• **What the task asks**: When you reach the line containing "formula is different from the RLD." in the entries below, please begin setting down lines exactly, stop only after the last one, and add nothing else.

Crawled caption data
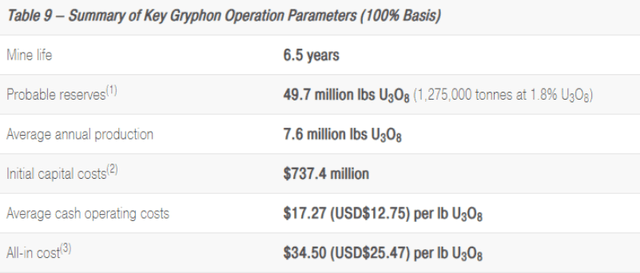 Figure 5 - Source: Denison Press Release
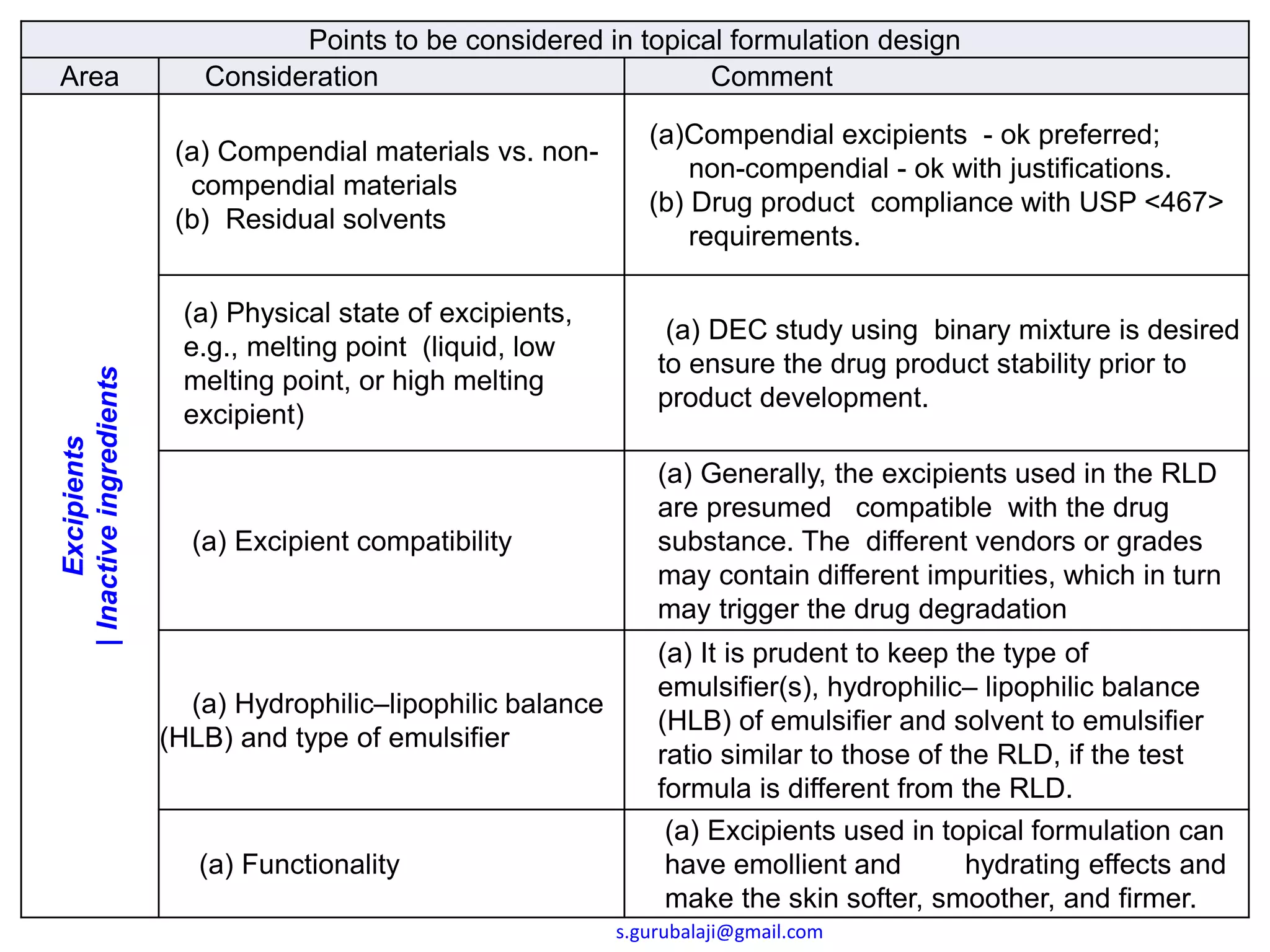 Points to be considered in topical formulation design
Area Consideration CommentExcipients
|Inactiveingredients
(a) Compendial materials vs. non-
compendial materials
(b) Residual solvents
(a)Compendial excipients - ok preferred;
non-compendial - ok with justifications.
(b) Drug product compliance with USP <467>
requirements.
(a) Physical state of excipients,
e.g., melting point (liquid, low
melting point, or high melting
excipient)
(a) DEC study using binary mixture is desired
to ensure the drug product stability prior to
product development.
(a) Excipient compatibility
(a) Generally, the excipients used in the RLD
are presumed compatible with the drug
substance. The different vendors or grades
may contain different impurities, which in turn
may trigger the drug degradation
(a) Hydrophilic–lipophilic balance
(HLB) and type of emulsifier
(a) It is prudent to keep the type of
emulsifier(s), hydrophilic– lipophilic balance
(HLB) of emulsifier and solvent to emulsifier
ratio similar to those of the RLD, if the test
formula is different from the RLD.
(a) Functionality
(a) Excipients used in topical formulation can
have emollient and hydrating effects and
make the skin softer, smoother, and firmer.
s.gurubalaji@gmail.com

• **Expected output**:
formula is different from the RLD.
(a) Functionality
(a) Excipients used in topical formulation can
have emollient and hydrating effects and
make the skin softer, smoother, and firmer.
s.gurubalaji@gmail.com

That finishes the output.